● Problem to solve
Please return the lines below verbatim, beginning at the one that has "If you want" and stopping after the one that has "This effect has", and add no other lines.

● Data excerpts
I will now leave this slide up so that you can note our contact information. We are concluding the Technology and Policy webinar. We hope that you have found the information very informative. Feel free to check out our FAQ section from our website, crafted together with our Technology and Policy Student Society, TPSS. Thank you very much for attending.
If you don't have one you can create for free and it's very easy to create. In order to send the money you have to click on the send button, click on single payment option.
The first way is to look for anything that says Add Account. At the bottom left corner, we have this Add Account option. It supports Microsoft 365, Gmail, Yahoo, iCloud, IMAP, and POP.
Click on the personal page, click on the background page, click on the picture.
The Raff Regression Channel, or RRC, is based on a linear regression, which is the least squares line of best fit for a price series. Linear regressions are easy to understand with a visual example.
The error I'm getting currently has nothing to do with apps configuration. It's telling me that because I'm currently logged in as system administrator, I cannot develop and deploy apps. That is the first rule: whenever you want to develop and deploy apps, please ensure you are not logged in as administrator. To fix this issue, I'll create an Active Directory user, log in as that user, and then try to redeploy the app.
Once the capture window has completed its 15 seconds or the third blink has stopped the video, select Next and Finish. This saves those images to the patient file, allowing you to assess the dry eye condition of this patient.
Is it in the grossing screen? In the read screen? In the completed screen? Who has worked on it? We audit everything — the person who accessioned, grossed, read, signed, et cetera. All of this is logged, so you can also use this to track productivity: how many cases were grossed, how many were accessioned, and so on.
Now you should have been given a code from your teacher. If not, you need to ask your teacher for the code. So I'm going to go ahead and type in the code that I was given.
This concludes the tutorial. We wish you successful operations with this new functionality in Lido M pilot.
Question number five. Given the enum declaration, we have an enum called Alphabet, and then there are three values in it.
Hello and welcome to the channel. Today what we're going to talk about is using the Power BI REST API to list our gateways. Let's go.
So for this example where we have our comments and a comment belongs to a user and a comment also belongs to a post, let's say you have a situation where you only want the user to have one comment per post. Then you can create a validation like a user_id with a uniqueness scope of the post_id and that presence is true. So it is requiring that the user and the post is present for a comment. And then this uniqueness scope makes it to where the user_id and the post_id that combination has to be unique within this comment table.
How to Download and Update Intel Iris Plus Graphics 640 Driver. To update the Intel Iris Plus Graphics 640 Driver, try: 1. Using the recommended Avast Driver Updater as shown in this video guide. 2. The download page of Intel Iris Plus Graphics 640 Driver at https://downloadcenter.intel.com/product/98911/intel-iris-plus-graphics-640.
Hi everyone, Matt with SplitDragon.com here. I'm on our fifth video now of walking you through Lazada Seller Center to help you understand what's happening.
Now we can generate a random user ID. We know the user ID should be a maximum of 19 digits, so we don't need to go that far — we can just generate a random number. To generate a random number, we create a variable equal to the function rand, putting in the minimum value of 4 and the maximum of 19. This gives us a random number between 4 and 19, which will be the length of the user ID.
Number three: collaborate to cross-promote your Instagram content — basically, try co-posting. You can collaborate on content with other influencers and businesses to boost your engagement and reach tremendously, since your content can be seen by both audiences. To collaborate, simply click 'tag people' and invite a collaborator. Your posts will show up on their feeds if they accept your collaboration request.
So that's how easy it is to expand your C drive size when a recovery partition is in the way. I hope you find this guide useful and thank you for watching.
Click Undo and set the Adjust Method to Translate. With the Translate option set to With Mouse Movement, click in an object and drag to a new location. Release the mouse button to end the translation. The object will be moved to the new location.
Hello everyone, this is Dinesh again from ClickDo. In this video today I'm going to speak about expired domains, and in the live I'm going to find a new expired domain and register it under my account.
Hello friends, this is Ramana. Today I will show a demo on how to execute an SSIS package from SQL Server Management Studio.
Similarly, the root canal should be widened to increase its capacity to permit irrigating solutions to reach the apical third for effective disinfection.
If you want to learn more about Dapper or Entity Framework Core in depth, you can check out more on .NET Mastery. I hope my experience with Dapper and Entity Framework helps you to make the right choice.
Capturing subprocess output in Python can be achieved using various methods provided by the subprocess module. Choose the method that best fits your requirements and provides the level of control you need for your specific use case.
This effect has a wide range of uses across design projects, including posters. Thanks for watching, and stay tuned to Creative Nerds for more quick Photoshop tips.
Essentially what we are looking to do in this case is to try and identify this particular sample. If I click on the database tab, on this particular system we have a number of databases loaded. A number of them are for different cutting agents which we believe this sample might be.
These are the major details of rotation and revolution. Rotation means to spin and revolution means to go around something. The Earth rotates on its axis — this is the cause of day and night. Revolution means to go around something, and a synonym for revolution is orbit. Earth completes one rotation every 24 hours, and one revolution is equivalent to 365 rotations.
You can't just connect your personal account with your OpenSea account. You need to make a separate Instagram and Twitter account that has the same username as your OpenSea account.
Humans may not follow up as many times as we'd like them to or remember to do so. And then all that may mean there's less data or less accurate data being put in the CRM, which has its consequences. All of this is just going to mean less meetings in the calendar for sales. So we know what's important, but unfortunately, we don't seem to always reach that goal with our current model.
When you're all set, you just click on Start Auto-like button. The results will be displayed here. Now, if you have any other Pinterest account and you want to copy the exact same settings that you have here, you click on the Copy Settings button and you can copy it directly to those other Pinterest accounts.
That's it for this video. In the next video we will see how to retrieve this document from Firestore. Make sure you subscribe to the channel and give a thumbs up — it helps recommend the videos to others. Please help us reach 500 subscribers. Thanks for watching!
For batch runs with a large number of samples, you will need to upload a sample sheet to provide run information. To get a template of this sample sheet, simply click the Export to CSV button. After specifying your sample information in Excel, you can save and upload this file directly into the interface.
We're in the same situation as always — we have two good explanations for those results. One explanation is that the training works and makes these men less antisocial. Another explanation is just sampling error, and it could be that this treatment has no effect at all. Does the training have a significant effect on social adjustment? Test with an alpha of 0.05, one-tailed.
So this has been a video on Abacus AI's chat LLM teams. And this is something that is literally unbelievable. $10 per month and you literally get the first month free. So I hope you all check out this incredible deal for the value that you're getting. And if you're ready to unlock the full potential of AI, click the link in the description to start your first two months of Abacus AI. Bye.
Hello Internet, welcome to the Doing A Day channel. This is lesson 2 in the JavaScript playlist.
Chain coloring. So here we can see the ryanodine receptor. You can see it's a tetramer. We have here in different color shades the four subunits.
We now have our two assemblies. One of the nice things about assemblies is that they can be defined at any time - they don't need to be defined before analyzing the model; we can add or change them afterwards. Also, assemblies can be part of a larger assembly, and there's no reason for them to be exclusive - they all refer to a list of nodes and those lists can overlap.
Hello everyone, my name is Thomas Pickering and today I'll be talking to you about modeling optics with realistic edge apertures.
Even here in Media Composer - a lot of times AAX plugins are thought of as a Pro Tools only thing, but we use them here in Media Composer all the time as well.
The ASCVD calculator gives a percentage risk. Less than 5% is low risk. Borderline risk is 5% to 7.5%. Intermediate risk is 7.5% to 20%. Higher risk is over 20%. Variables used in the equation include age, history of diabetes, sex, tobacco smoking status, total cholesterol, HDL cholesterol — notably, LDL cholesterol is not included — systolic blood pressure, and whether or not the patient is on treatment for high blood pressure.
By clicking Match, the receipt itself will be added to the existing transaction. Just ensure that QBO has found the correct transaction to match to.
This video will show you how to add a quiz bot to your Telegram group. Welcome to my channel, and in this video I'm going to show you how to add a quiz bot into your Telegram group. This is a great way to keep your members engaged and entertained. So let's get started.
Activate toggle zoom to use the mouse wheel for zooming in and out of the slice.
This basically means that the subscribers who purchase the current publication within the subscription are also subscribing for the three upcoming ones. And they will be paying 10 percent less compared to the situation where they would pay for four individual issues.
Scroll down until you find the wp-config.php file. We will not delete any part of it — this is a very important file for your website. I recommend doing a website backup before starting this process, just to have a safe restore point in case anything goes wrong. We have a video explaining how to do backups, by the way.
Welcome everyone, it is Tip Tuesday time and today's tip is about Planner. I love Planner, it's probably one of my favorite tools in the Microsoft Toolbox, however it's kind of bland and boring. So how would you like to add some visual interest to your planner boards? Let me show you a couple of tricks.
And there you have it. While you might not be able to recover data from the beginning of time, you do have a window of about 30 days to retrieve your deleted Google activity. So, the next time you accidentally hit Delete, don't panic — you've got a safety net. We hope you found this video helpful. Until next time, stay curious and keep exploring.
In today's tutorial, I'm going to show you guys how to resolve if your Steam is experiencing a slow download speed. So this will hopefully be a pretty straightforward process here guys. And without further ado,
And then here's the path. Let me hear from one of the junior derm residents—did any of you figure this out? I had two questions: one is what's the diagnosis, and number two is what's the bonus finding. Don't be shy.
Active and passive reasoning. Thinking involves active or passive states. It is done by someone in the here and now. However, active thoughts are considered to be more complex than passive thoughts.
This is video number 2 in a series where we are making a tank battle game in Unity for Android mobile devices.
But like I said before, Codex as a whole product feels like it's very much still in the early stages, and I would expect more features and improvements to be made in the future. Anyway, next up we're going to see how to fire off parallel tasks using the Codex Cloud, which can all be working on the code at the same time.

● Result of this task
If you want to learn more about Dapper or Entity Framework Core in depth, you can check out more on .NET Mastery. I hope my experience with Dapper and Entity Framework helps you to make the right choice.
Capturing subprocess output in Python can be achieved using various methods provided by the subprocess module. Choose the method that best fits your requirements and provides the level of control you need for your specific use case.
This effect has a wide range of uses across design projects, including posters. Thanks for watching, and stay tuned to Creative Nerds for more quick Photoshop tips.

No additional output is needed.